At Spurs, one window closes while another opens
After another summer window shut, it became quickly evident that some of us were content at picking the holes in the business we hadn’t done rather than what we had.
September 4th, 2014
I hate transfer deadline day and I hate how commercialised it has grown to become in just a few short years. The money that Sky pumps into commercialising stories that lack any genuine substance behind them but subtly encourage users to lump money on them through Sky Bet epitomises the modern day football predicament we find ourselves in today. It manipulates expectation of clubs when, in reality, we know next to nothing of the accounts, the strategy, the plans and what not but are continuously fed stories that lead to an underlying disappointment.

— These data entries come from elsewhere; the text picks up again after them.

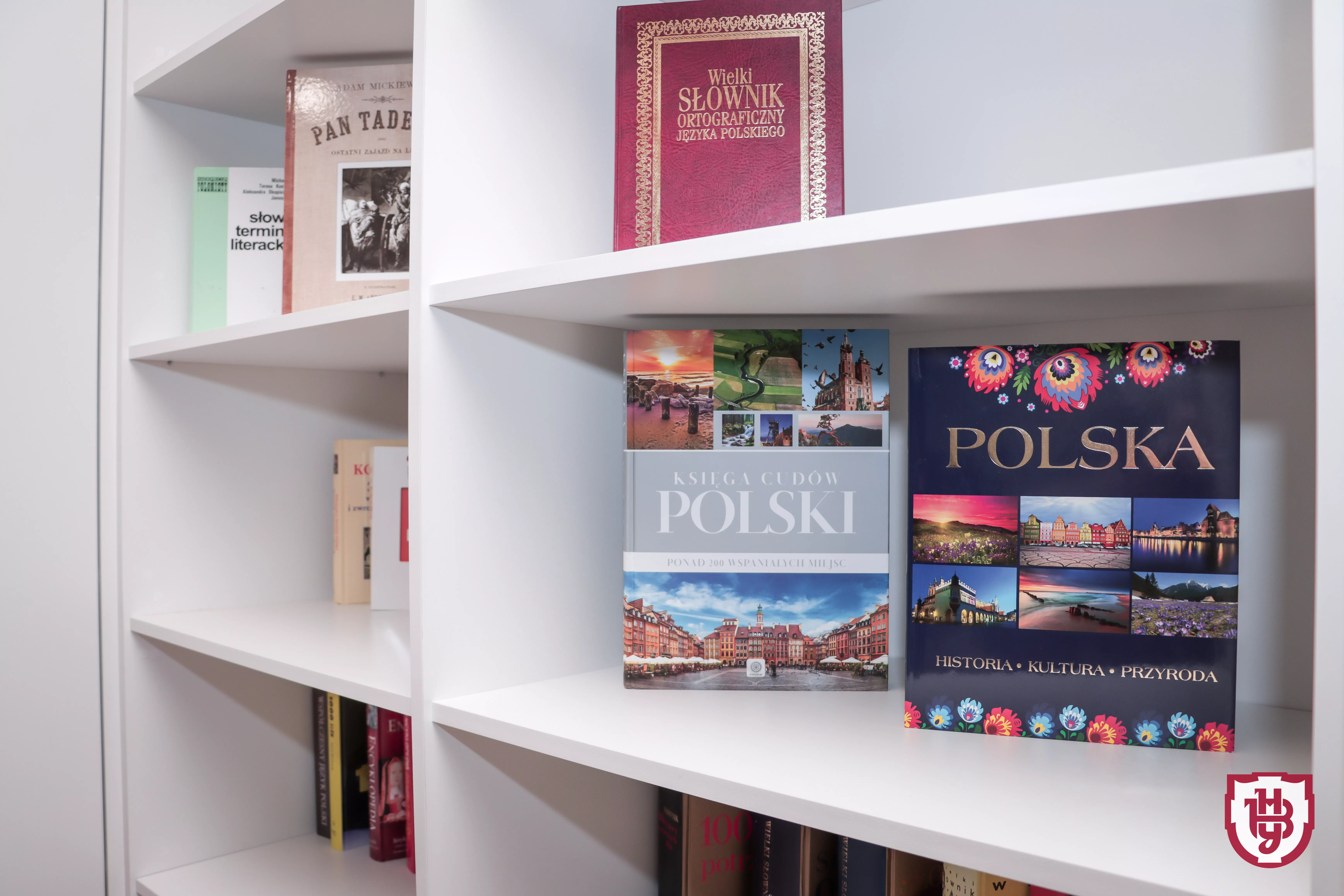 полоністика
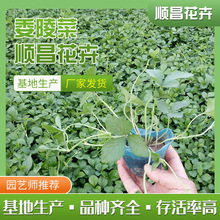 ���~ί��� �޸������o�¾G�������OӋ�N��Rȫ���l ������ί���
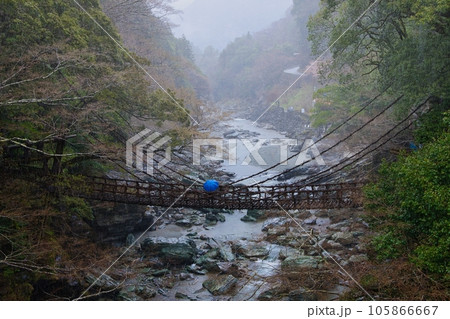 祖谷のかずら橋 105866667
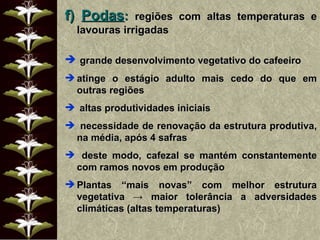 f)  Podas :  regiões com altas temperaturas e lavouras irrigadas grande desenvolvimento vegetativo do cafeeiro atinge o estágio adulto mais cedo do que em outras regiões altas produtividades iniciais necessidade de renovação da estrutura produtiva, na média, após 4 safras deste modo, cafezal se mantém constantemente com ramos novos em produção Plantas “mais novas” com melhor estrutura vegetativa  -> maior tolerância a adversidades climáticas (altas temperaturas) 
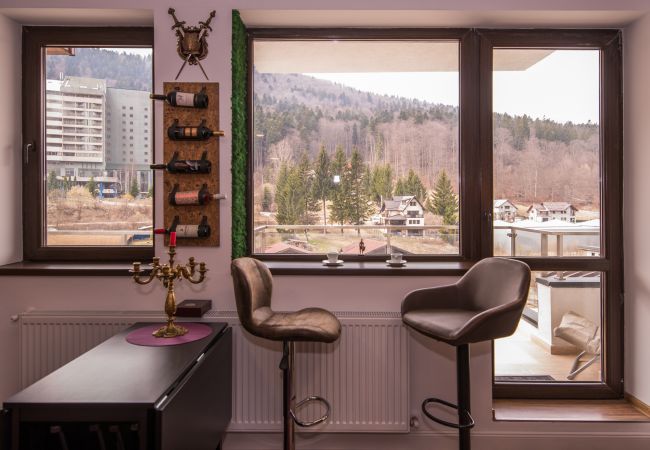 Apartment in Sinaia - Castle Suite art design- mountain view and private parking Apartment in Sinaia - Castle Suite art design- mountain view and private parking
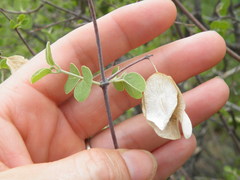 Triaspis glaucophylla
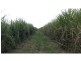 3055 Childers Road, North Gregory QLD 4660
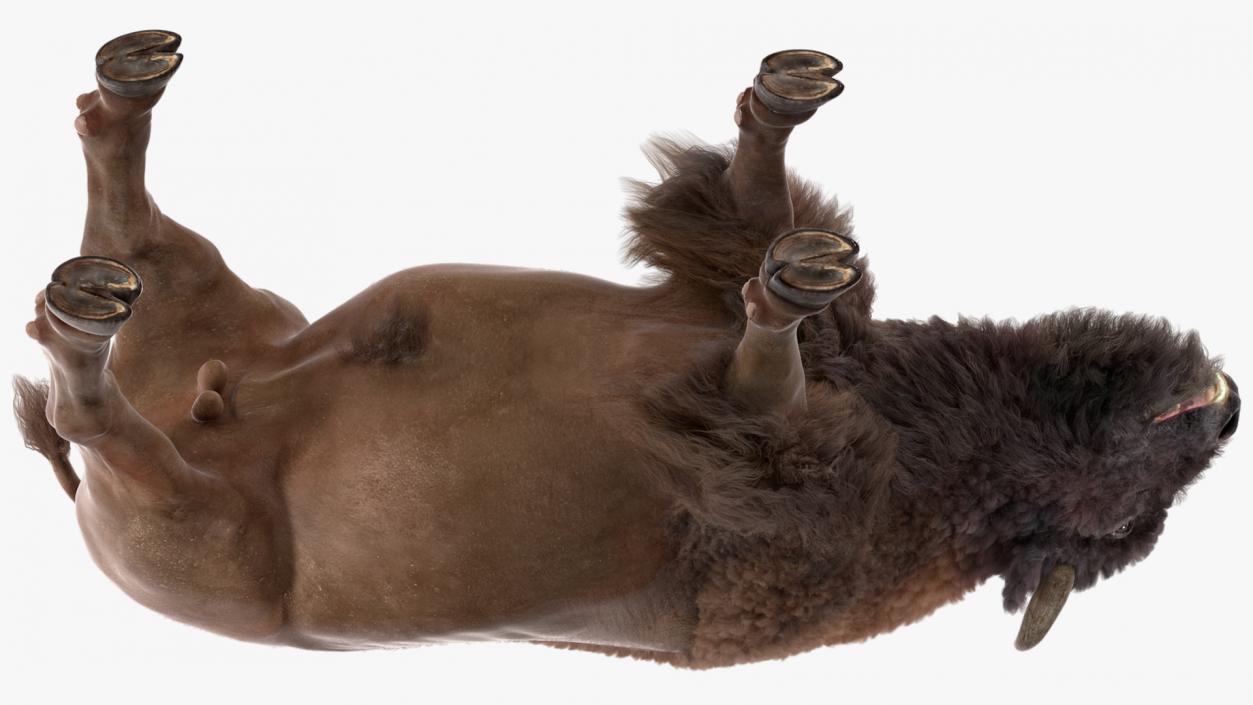 North American Bison with Fur 3D model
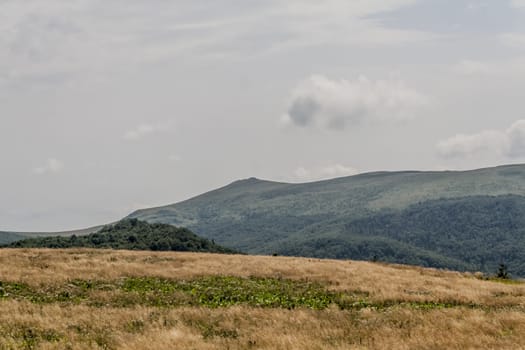 Road from Widelki to Tarnica through Bukowe Berdo in the Bieszczady Mountains in Poland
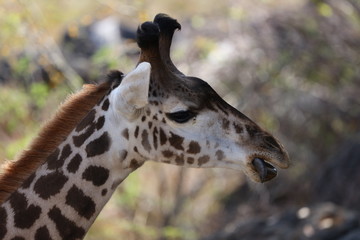 Giraffe
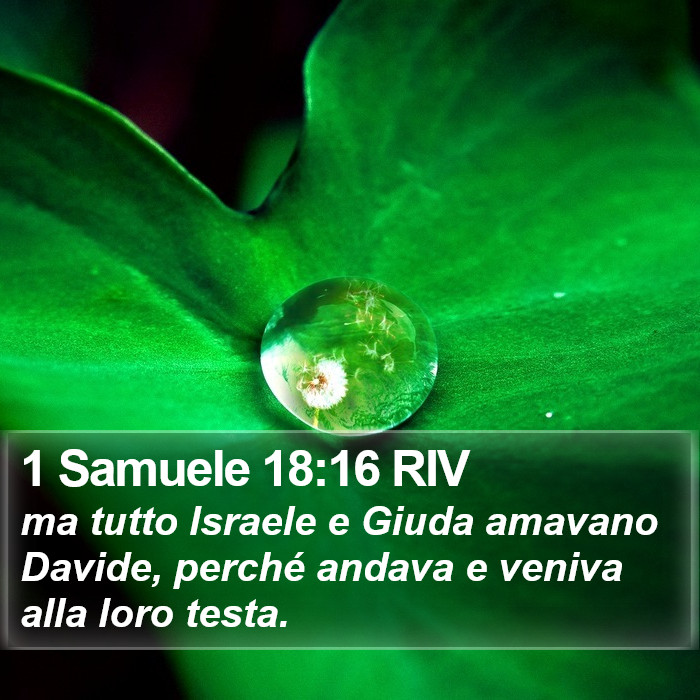 1 Samuele 18:16 RIV Bible Study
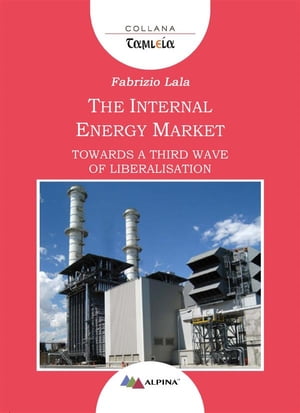 The Internal Energy Market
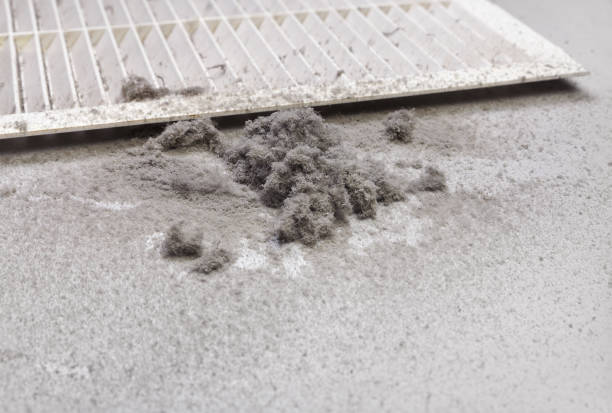 Best Home Air Vent Cleaning  in Pine Grove, PA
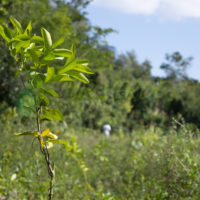  Limón. Módulo agroforestal Dos Lagunas Norte, Calakmul, Campeche.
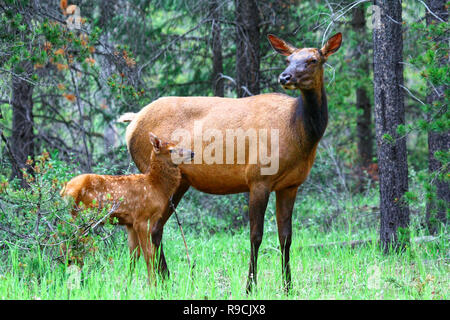 40,717.00111 magnifiche Elk cow & vitello neonato (Cervus elaphus, Cervidae) con macchie in piedi di giovani alberi della foresta di conifere prato Foto Stock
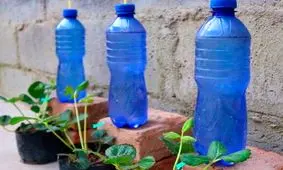 یک ایده برای آبیاری گلدان ها در مسافرت طولانی/ ویدئو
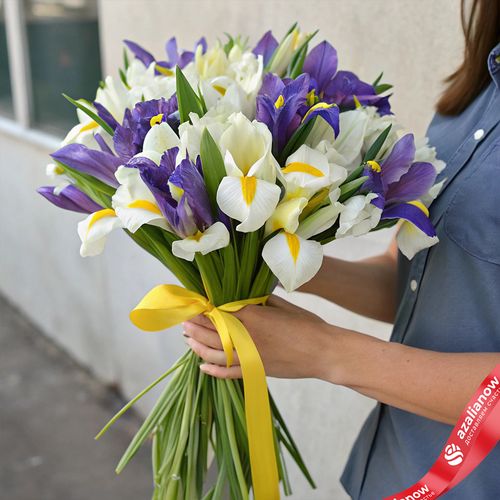 18 белых и 17 фиолетовых ирисов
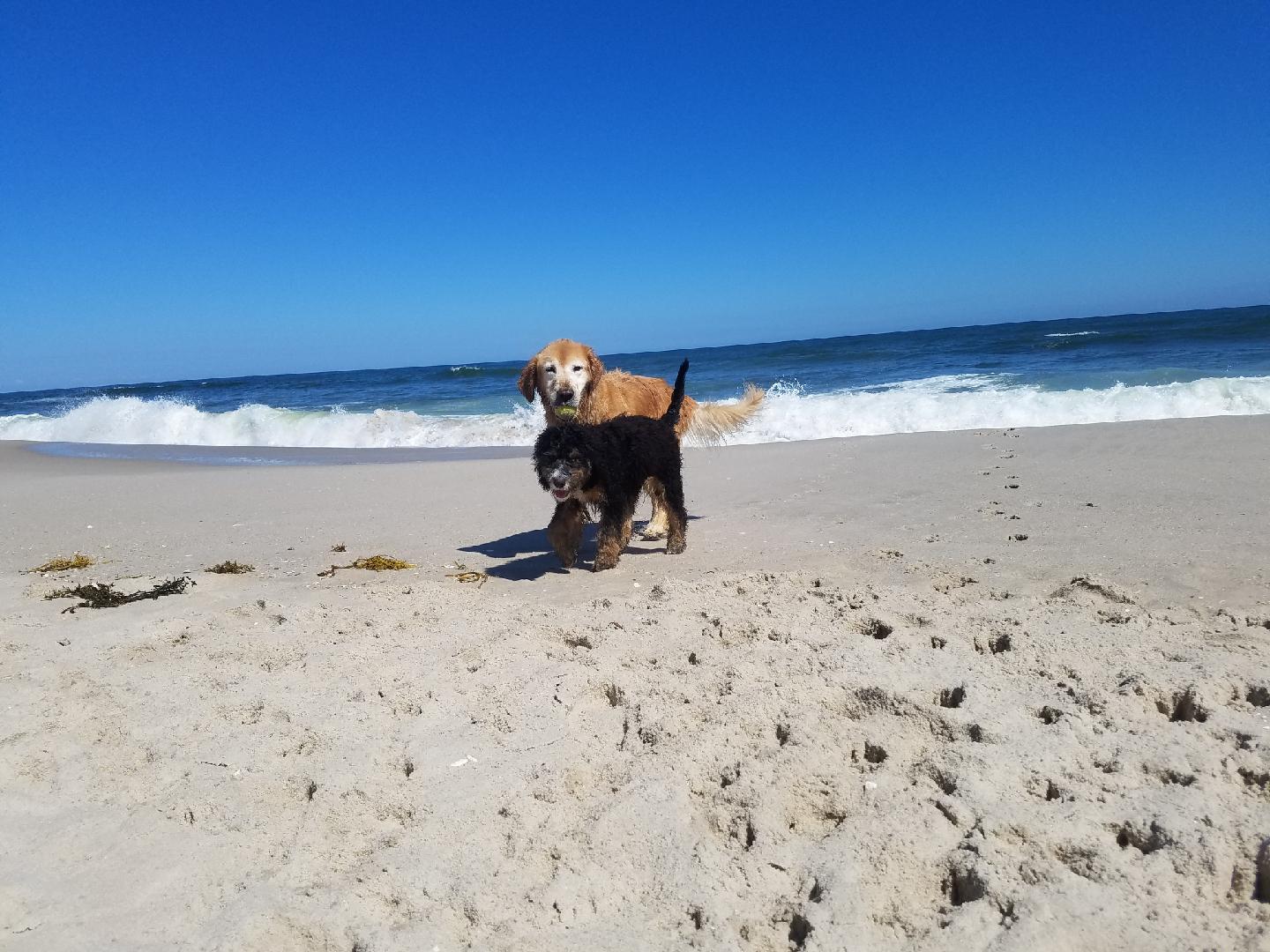 Island Beach State Park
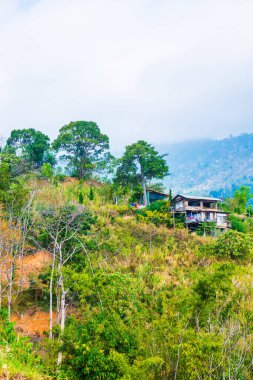 Tayland Phulangka Ulusal Parkı 'nda Dağ Manzaralı Küçük Ev.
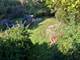 1014 S Chester, Park Ridge, IL 60068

As much as this sounds as though I’m ranting on the state of the game today (and partially I am), I’m merely setting the scene for Spurs’ transfer window dealings on the whole. I maintain that, with a transfer window, a whole other window of perspective is needed alongside. My opinion of our transfer window this summer was that of more long-term planning and growth than just short term ‘gap fillers’. Far too often are the board blamed for ‘failing’ to purchase players in positions x, y & z. We don’t like to believe it, but it’s knee-jerk of the highest degree, and every window presents the same knee-jerk year after year.
I’m not building walls to block out the torrent of abuse that our board receives after every window but I reiterate the need for perspective. Prior to ENIC taking over, we’d experienced a point’s deduction and an expulsion from the FA Cup in one season. We were a vessel of a side with cracks left, right and centre that have grown to become a cruise liner. We’re one of the best run clubs in the country and are financially stable.
We’ve recently built a training centre regarded as one of the best in the world and have plans to have a new stadium by 2017/2018. The price for this has to be held accountable, at least partially, somewhere. Where Arsenal, post-Emirates, struggled to really spend as their club stature demanded for around 7 years, we’re taking the hit now enabling us to have money to spend and bigger wages to offer after moving into our new ground. Believe it or not, the owner of a football club does want to the football club to do well.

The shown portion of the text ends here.